Copyright 1983 The Washington Post Â
The Washington Post
May 25, 1983, Wednesday, Final Edition
SECTION: Metro; C9
LENGTH: 581 words
HEADLINE: Three Testify Against Straight Inc.
BYLINE: By Eve Zibart, Washington Post Staff Writer
BODY:
A 20-year-old Canadian who was enrolled in the Fairfax County branch of Straight Inc. testified in federal court yesterday that he was tied up in car with nylon ropes by his Straight custodian last month but escaped during a traffic jam on the Woodrow Wilson Bridge.
Two other former clients of the Florida-based drug rehabilitation agency told the jury that they were kidnaped, both at their parents' instigation, and forcibly returned to the program after escaping.
The witnesses testified yesterday in U.S. District Court in Alexandria on behalf of Fred Collins of Fairfax, who is seeking money damages from Straight for detaining him in the program for more than four months last year.
The testimony is being heard by the same jury that found two weeks ago that Collins had been held in the program against his will. The jury is expected to begin its deliberations on the issue of damages today.
Collins, 20, is seeking compensatory damages for financial losses he claims were incurred because of his imprisonment in the drug program and punitive damages.
In his opening statement to the jury, Philip J. Hirschkop, Collins' chief counsel, said he planned to show "a continuing pattern" of false imprisonment by Straight staffers, both before and after Collins' stay.
Jeffrey James McQuillen, 20, of Toronto, who was enrolled in the Springfield branch of Straight, described in court his escape from his Straight custodian during a traffic jam on the bridge.
McQuillen, who said he was bound by nylon ropes, said he tried "picking at the rope with my fingernails and biting it," and finally ripped all his belt loops off.

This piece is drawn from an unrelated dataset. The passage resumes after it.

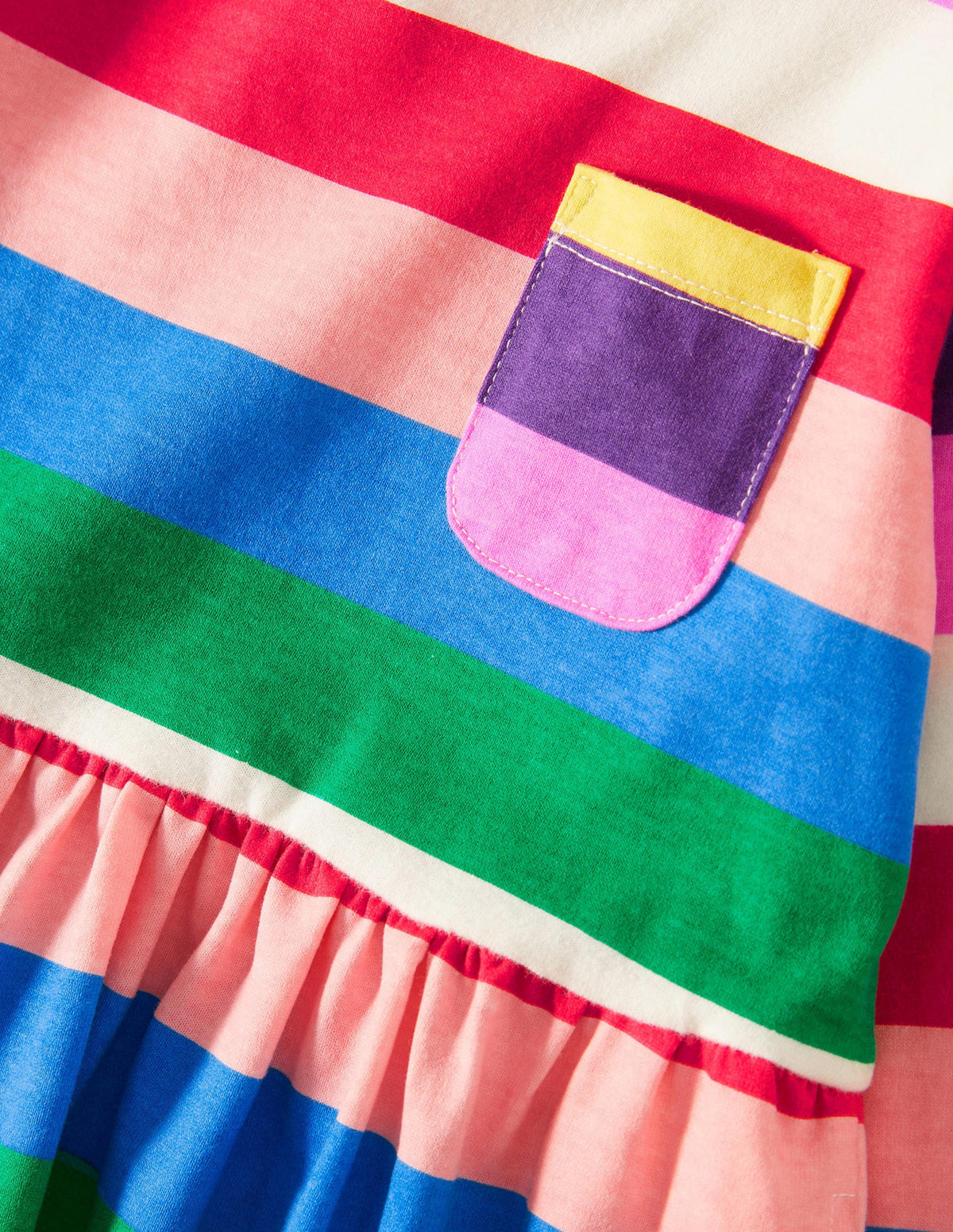 Long Sleeve Fun Jersey Dress-Multi Rainbow Stripe - Image 3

When the driver pulled on to the shoulder and crawled into the back seat, McQuillen rolled into the front and scrambled out, he testified.

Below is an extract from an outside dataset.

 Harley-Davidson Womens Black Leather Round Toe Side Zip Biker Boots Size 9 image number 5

Arletha Luann Schautteet, 19, testified that after six months in the St. Petersburg, Fla., branch of the program, from October 1981 to April 1982, she was allowed to drive between her job and the Straight facility. "One night I was driving a girl home from night school and I just kept going," Schautteet told the jury.
Four days later, her mother came to the friend's house where Schautteet was staying. "Three people came running out of the bushes," Schautteet testified, "They fought with me for about 30 minutes, grabbing my arms and legs and trying to push me into my mother's car." Schautteet said she was released through the intervention of a lawyer called by her fiance.
Hope Yvonne Hyrons, 19, testified that while her mother was driving her to a doctor's appointment, two "very tall" men who said they had car trouble got in on either side of her. After her father also got in the car, she was taken to Straight, Hyrons testified.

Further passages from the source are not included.